Exercise |
When you reach the line containing "Image result for Crabbea nana", repeat that line and each one after it exactly until the records end, leaving out pictures.

Material shown |
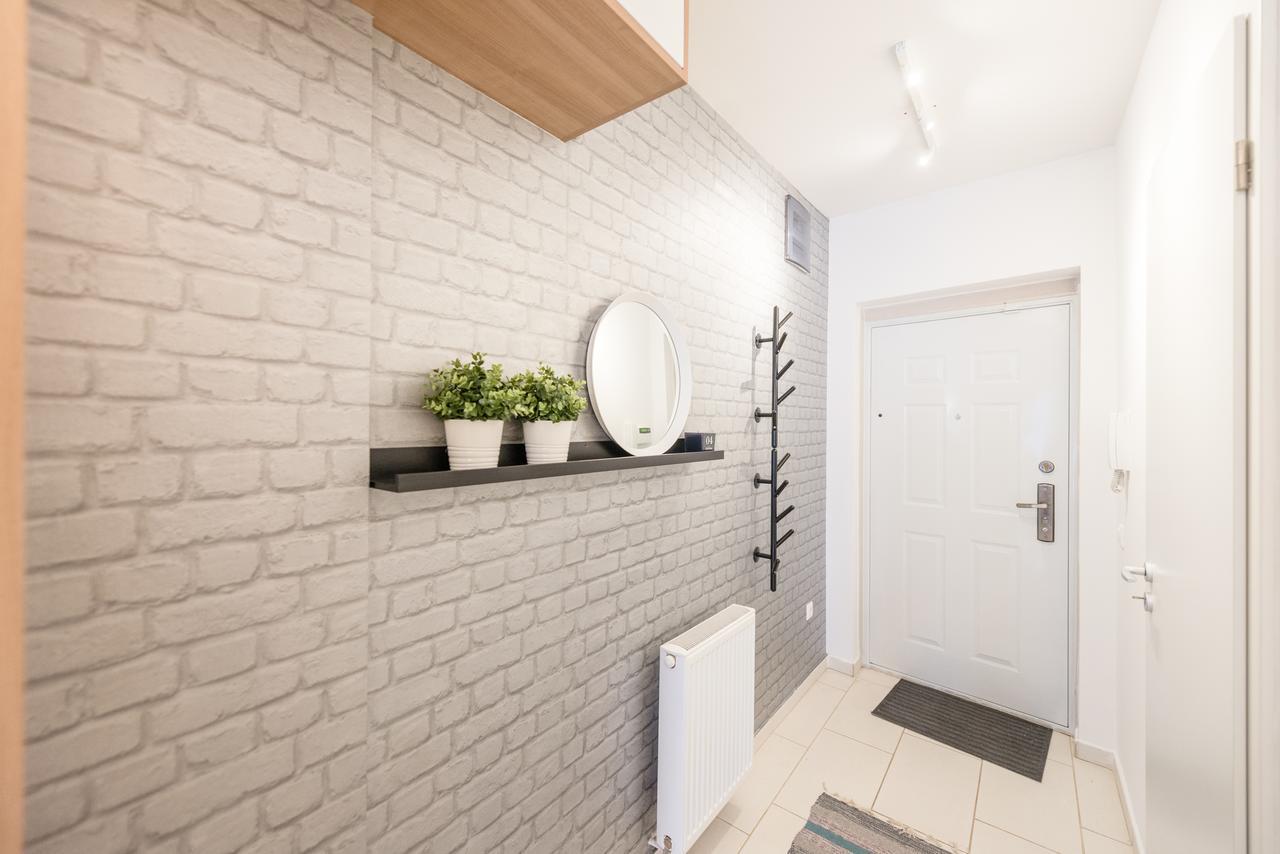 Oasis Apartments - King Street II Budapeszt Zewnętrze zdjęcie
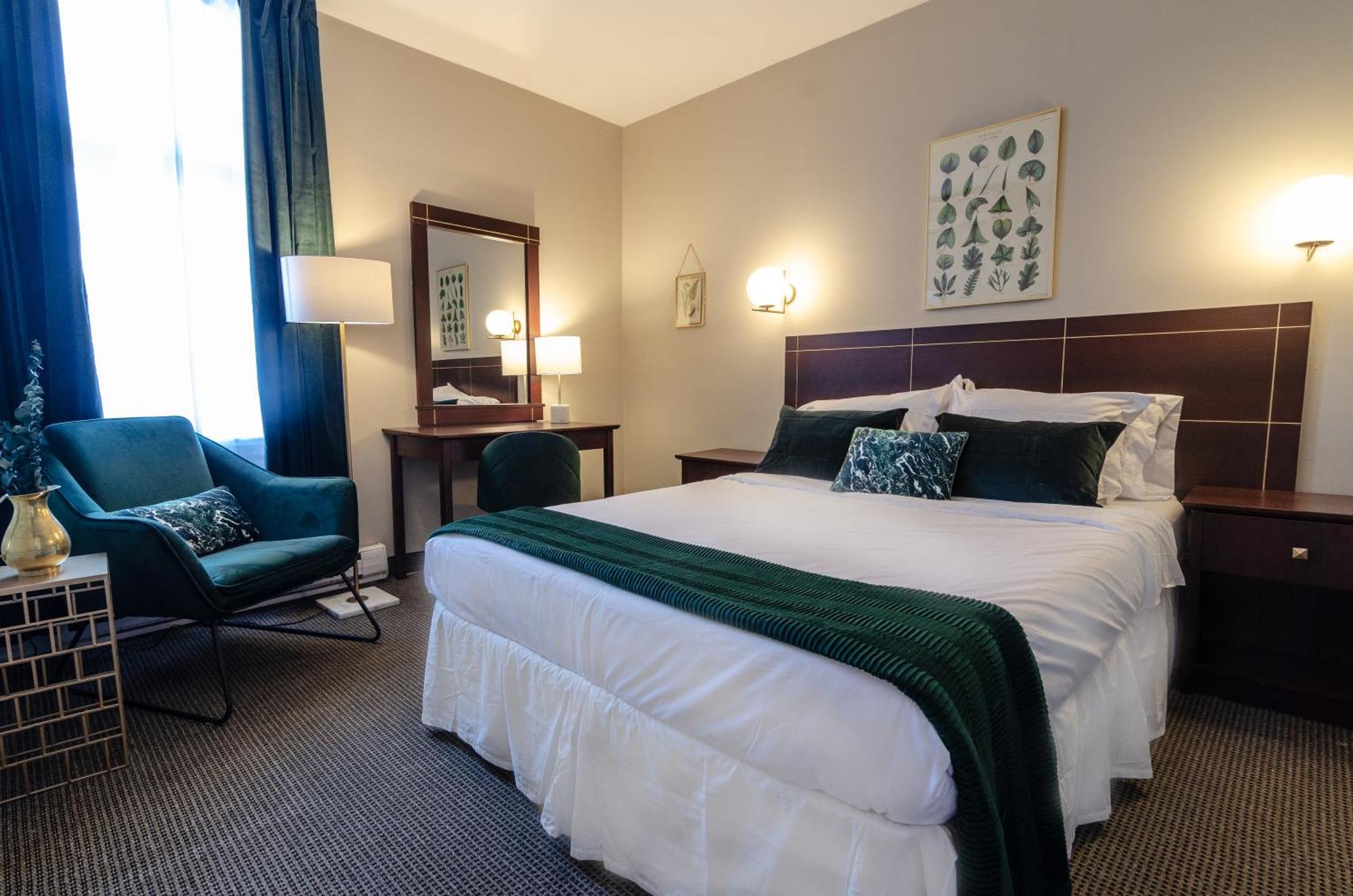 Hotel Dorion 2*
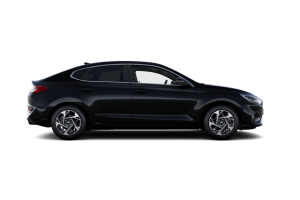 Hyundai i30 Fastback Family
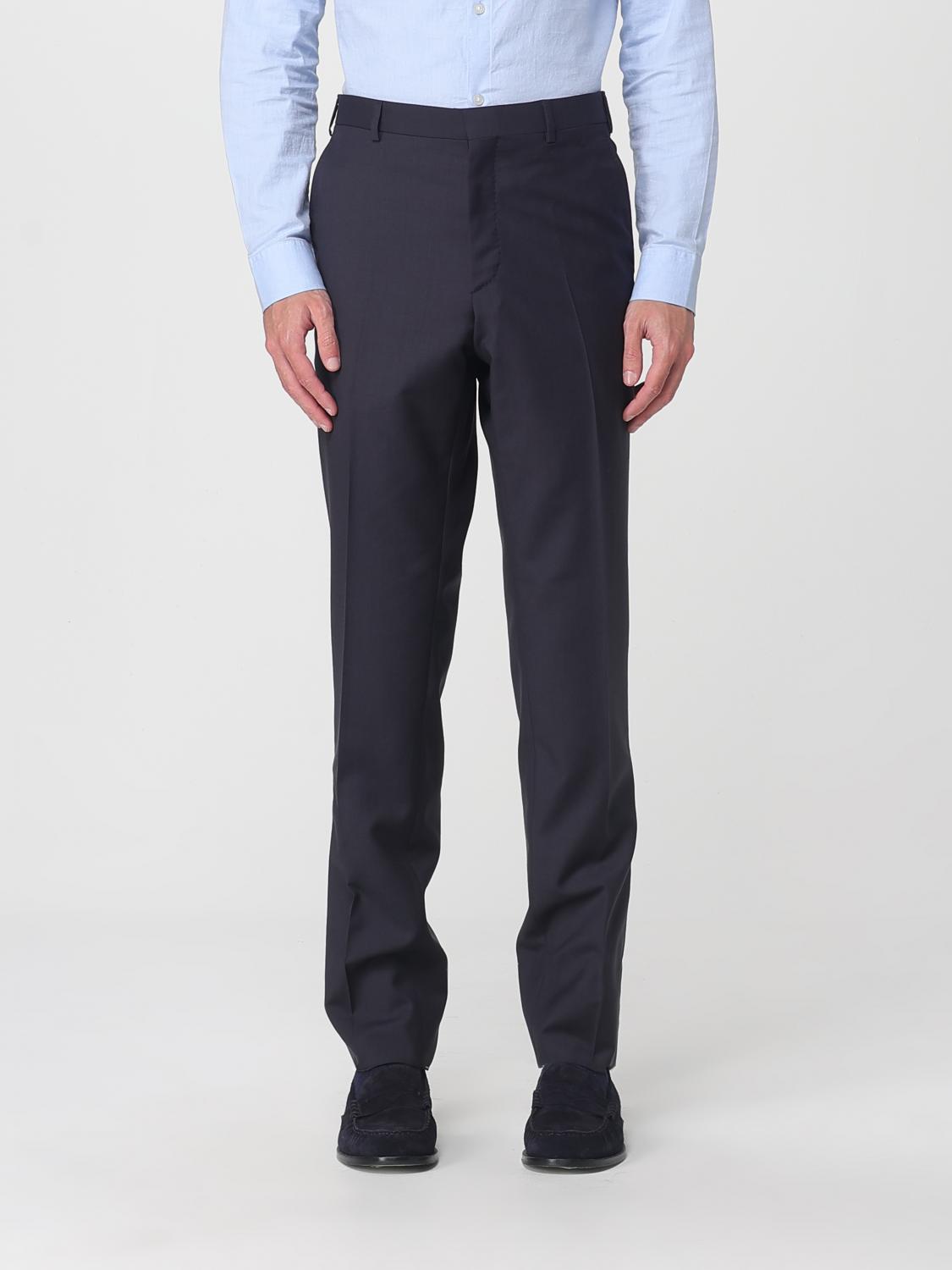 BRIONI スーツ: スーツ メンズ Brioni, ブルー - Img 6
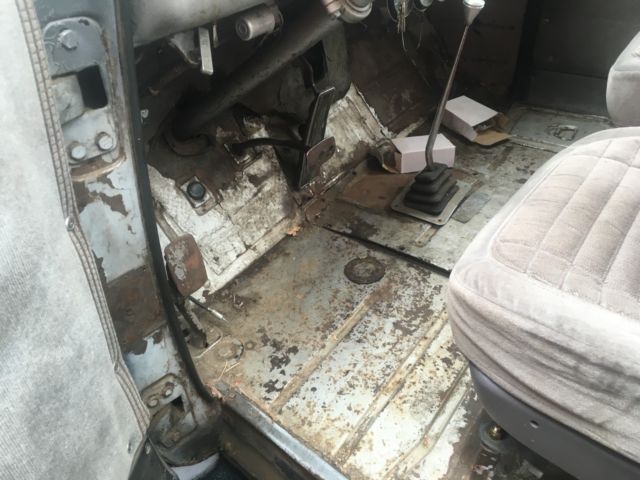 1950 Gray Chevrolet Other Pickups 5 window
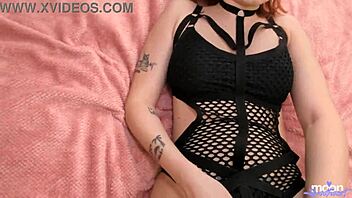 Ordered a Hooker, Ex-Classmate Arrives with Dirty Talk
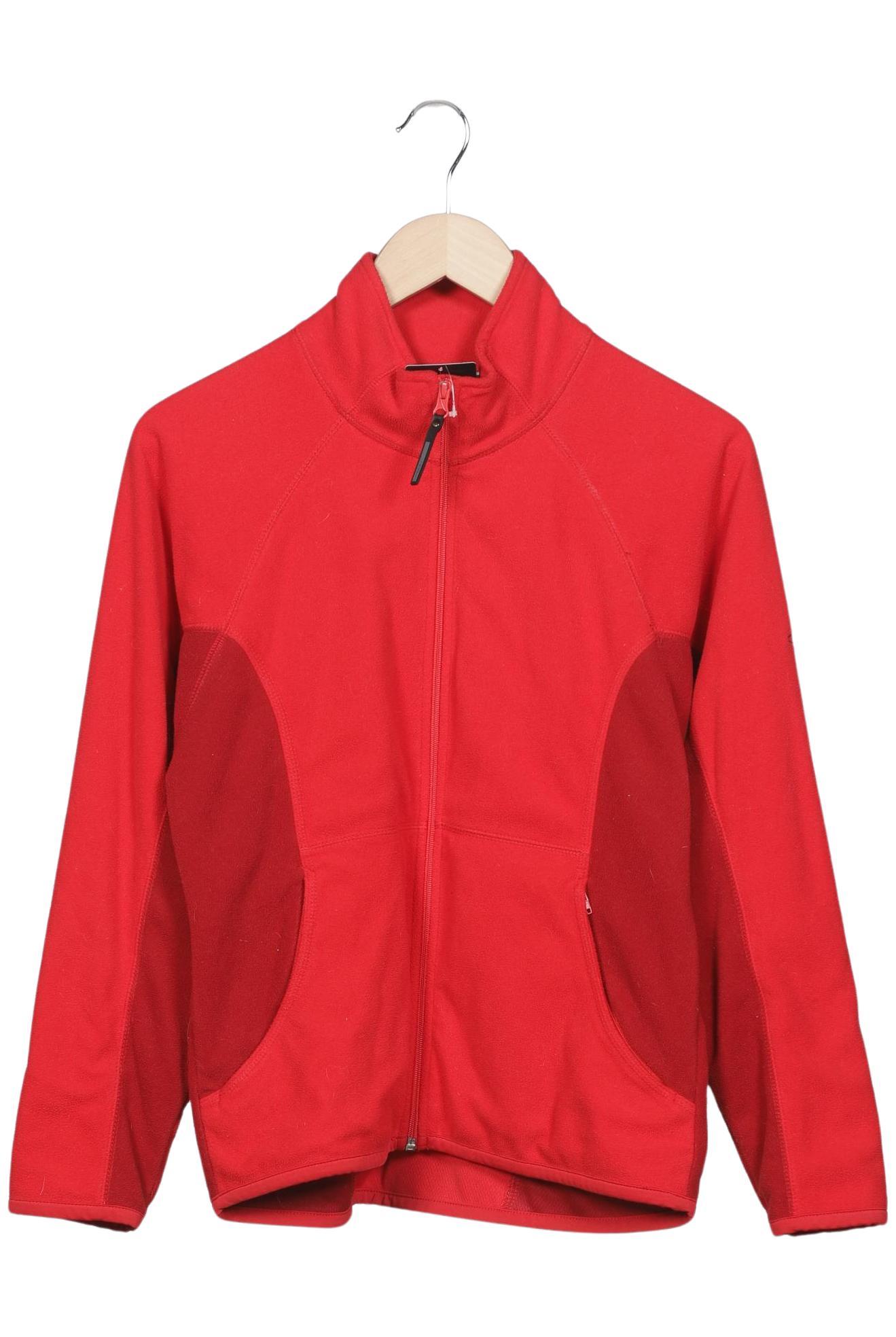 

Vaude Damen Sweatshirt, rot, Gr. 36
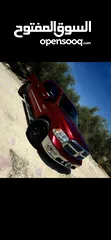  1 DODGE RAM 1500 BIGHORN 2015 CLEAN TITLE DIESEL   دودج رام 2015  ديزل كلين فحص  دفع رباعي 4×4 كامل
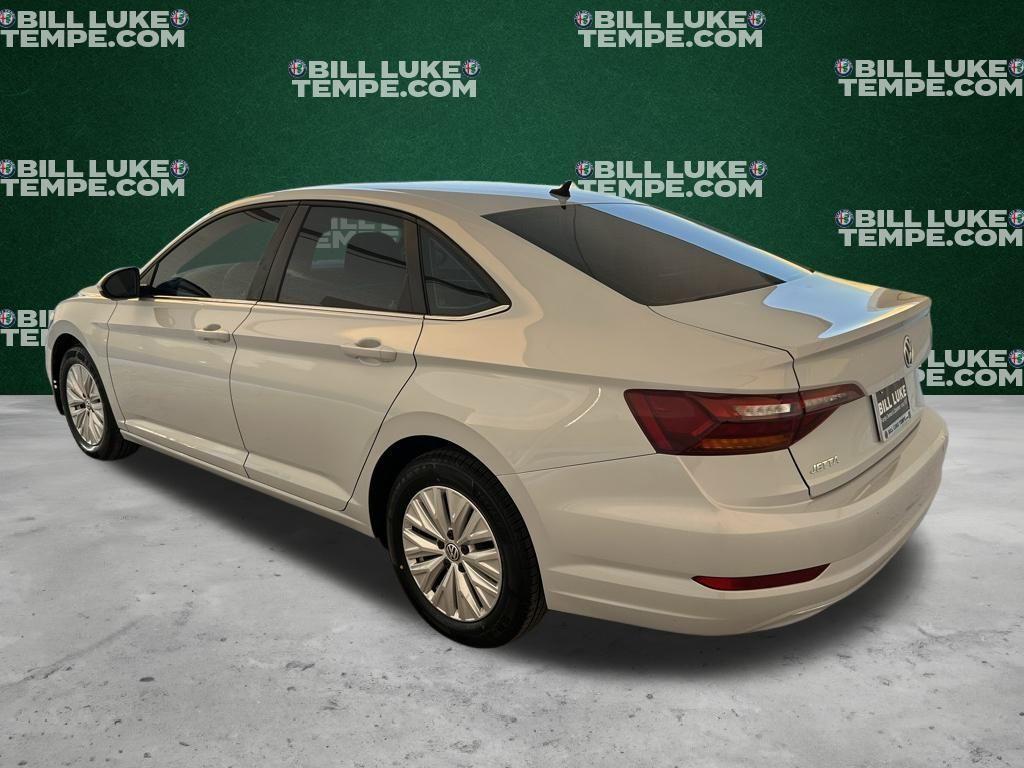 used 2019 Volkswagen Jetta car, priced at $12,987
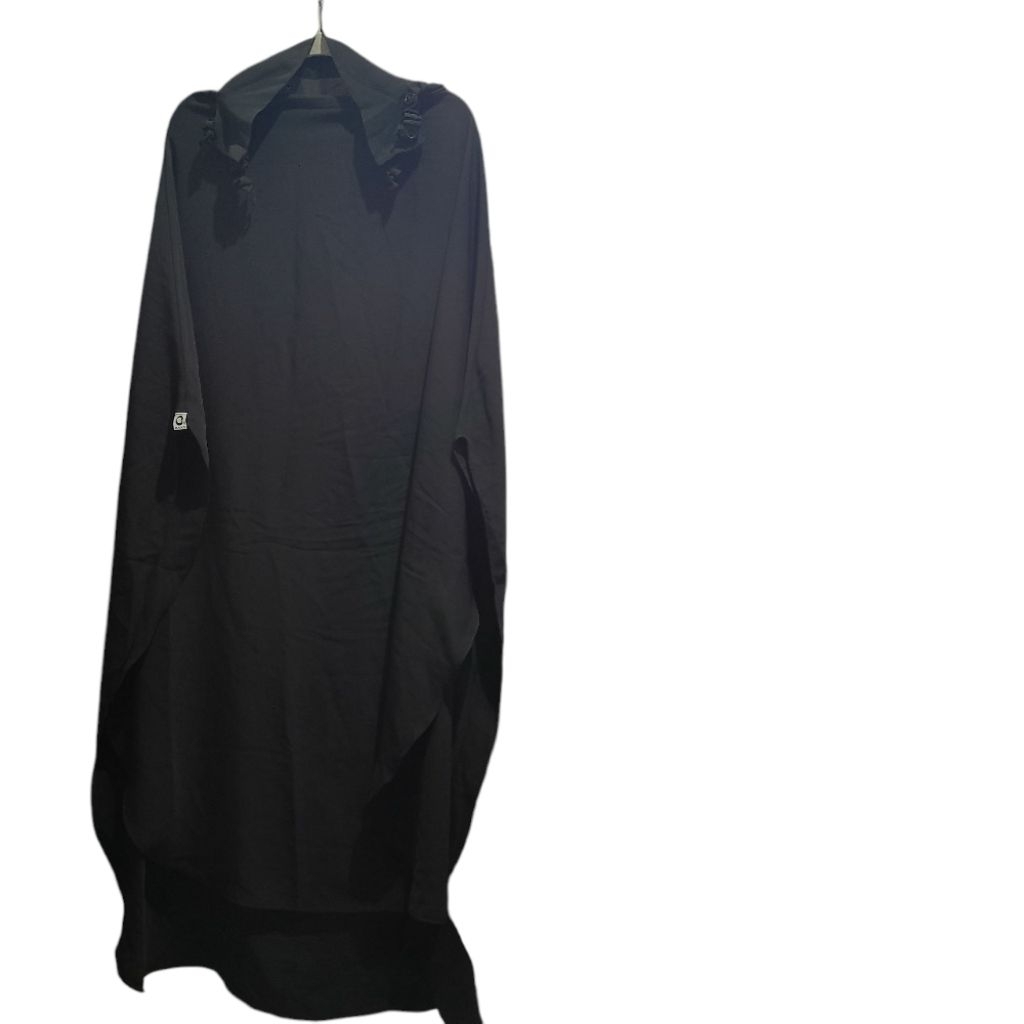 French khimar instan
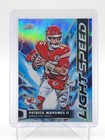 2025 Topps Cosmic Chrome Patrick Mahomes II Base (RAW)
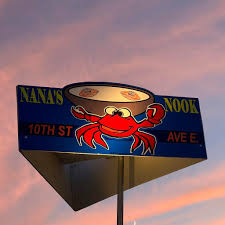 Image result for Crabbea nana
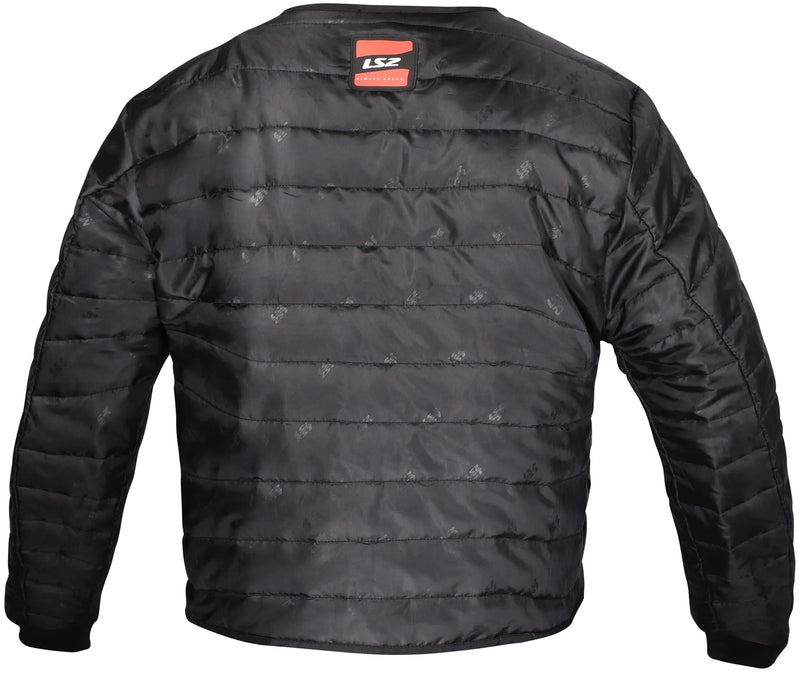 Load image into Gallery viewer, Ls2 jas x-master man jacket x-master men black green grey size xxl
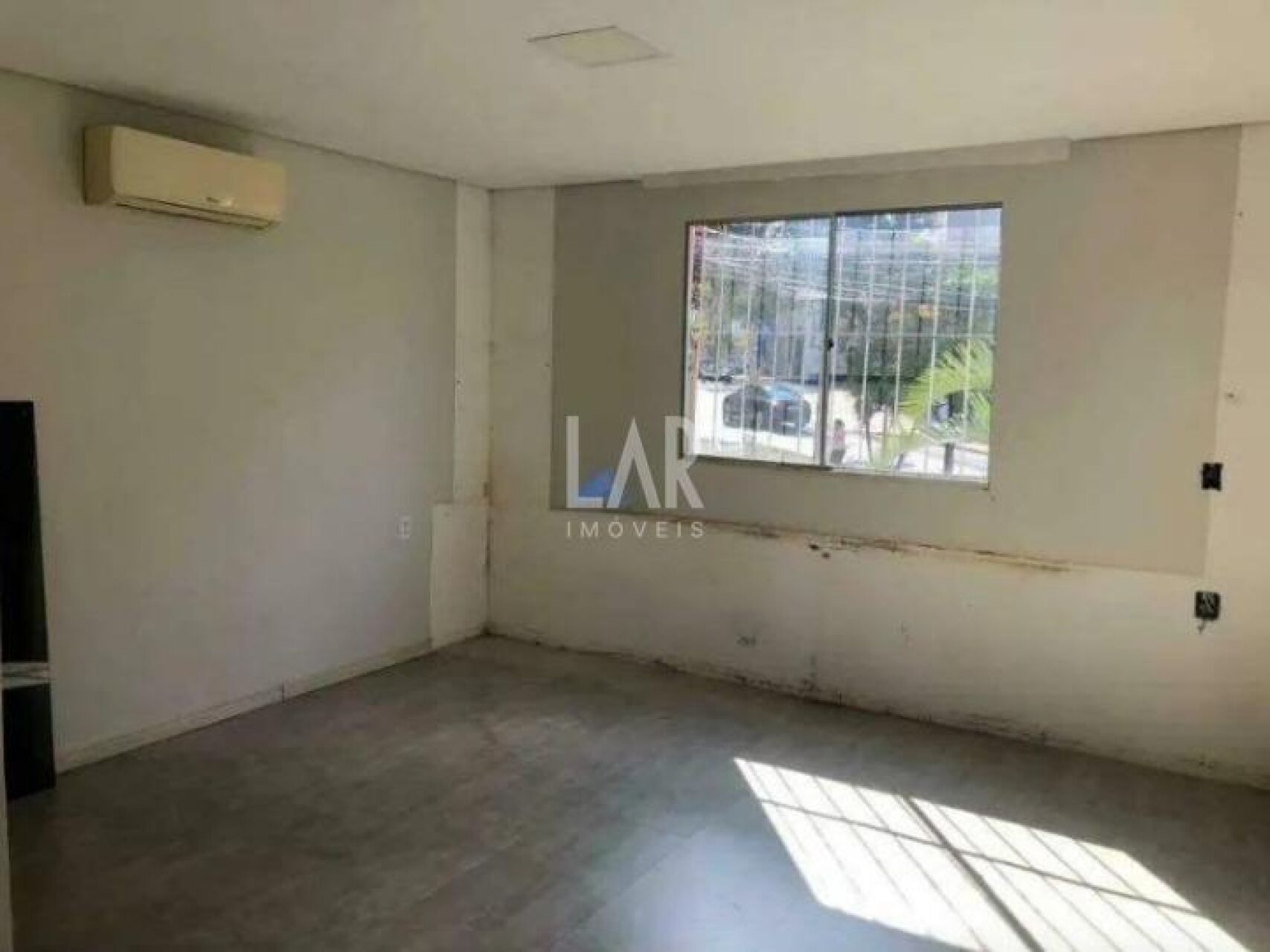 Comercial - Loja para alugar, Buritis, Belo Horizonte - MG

Solved exercise |
 Image result for Crabbea nana
 Load image into Gallery viewer, Ls2 jas x-master man jacket x-master men black green grey size xxl
 Comercial - Loja para alugar, Buritis, Belo Horizonte - MG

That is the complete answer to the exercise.